Bush family quiet about former president's condition

Published On: Jan 02 2013 11:26:15 AM CST
Updated On: Dec 27 2012 11:25:37 AM CST

Dec. 27, 2012: Former President George H.W. Bush's family sought privacy and provided no new details Thursday about his medical condition, a day after his spokesman said he's in intensive care after being hospitalized for treatment of a bronchitis-related cough. Robert Arnold reports.

HOUSTON -

Former President George H.W. Bush's family sought privacy and provided no new details Thursday about his medical condition, a day after his spokesman said he's in intensive care after being hospitalized for treatment of a bronchitis-related cough.

Bush spokesman Jim McGrath said he would put out another statement "when events warrant it," citing the family's right to and desire for privacy.

Bush, 88, entered Methodist Hospital in Houston on Nov. 23 for treatment of what McGrath has described as a "stubborn" cough. He had spent about a week there earlier in November for treatment of the same condition.

It was hoped Bush would be well enough to spend Christmas at home. But while his cough improved, he developed a persistent fever. McGrath disclosed Wednesday that Bush, the oldest living former president, had been transferred to the intensive care unit Sunday and his condition was downgraded to "guarded."

"He needs to rally," McGrath said. "We continue to be cautiously optimistic."

McGrath said Bush has been in good spirits throughout his stay at the hospital.

The former president has had visits from family and friends, including longtime friend James Baker II, his former Secretary of State. Bush's daughter, Dorothy, arrived Wednesday from her home in Bethesda, Md. Other visitors have included his sons George W. Bush, the 43rd president, and Jeb Bush, the former Florida governor.

Because Bush is listed in guarded condition, President Barack Obama is getting regular updates about his health.

Pulmonary critical care specialist Dr. Puneet Patni is not treating Bush, but said at the age of 88, seemingly minor ailments can escalate quickly -- especially in a case where doctors have not yet pin-pointed the cause of the high fever.

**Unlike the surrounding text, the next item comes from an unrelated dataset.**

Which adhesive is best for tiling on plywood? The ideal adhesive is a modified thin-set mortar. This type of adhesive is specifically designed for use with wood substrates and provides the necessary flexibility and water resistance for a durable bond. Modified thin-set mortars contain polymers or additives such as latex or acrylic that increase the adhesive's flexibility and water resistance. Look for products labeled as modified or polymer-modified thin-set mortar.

"A lot of the physical symptoms don't manifest as clearly in elderly patients, so you have to be extremely vigilant," Patni said. "The fever is concerning for the fact that maybe there's been a complication of the bronchitis, perhaps a pneumonia."

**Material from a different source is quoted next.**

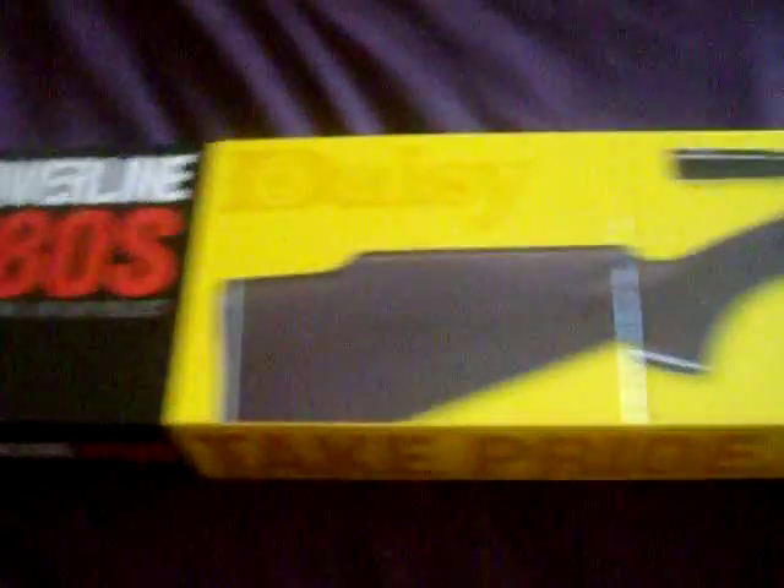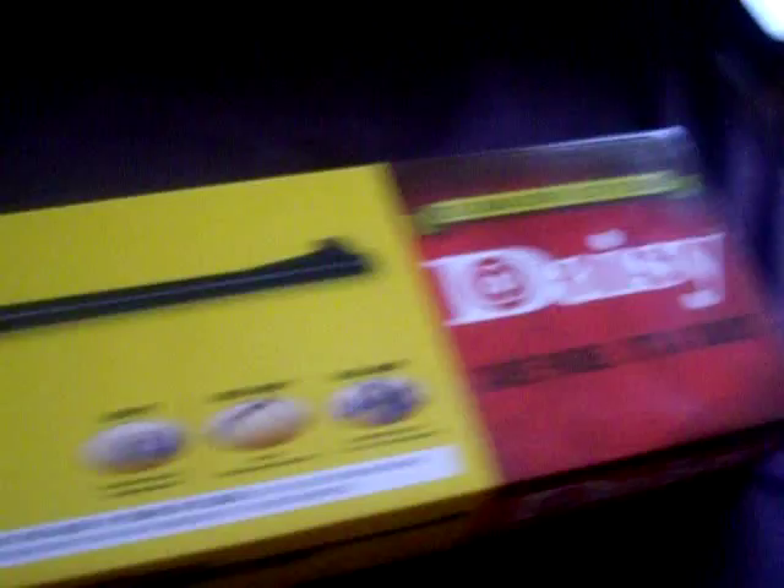And there it is — a brand new one. Daisy sent it in; I had a year-one and they sent me a brand new Daisy gun rifle. It's pretty nice. It's a hundred feet per second. Brand spanking new, haven't opened it yet.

Bush and his wife, Barbara, live in Houston during the winter and spend their summers at a home in Kennebunkport, Maine.

Bush had served two terms as Ronald Reagan's vice president when he was elected in 1988 to succeed Reagan. Four years later, after a term highlighted by the success of the 1991 Gulf War in Kuwait, he lost to Democrat Bill Clinton amid voters' concerns about the economy.

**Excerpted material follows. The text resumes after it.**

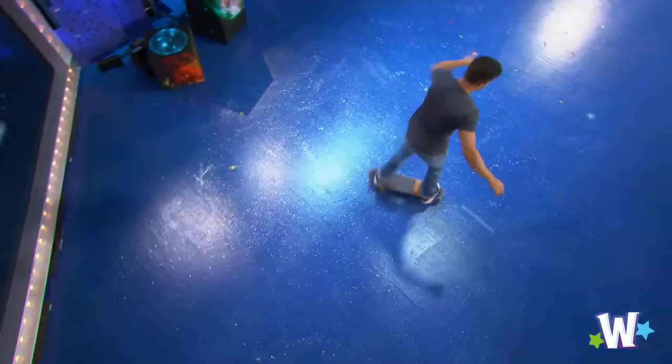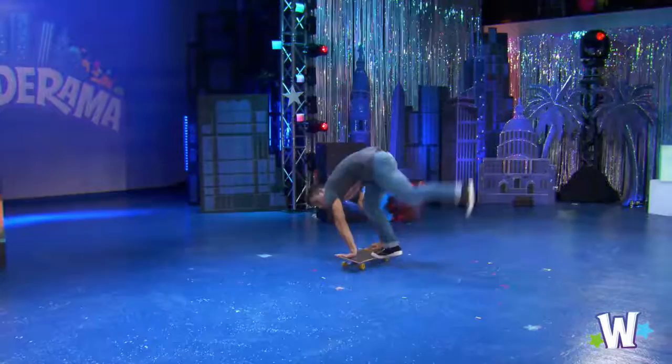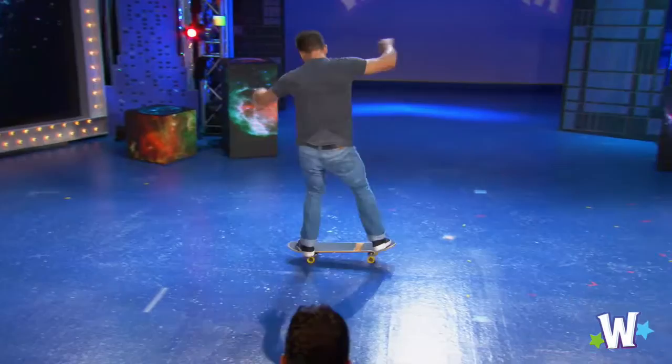All right, Kyle, show us what's up. Freestyling. Whoa. Oh, there it is. That's so cool.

Bush was a naval aviator in World War II -- at one point the youngest in the Navy -- and was shot down over the Pacific. He's skydived on at least three of his birthdays since leaving the White House, most recently when he turned 85.

He left New England for an oil business job in West Texas in 1948. He's also been a Republican congressman from Texas, U.S. ambassador to China and CIA director.

Bush suffers from a form of Parkinson's disease that forced him in recent years to use a motorized scooter or wheelchair for mobility.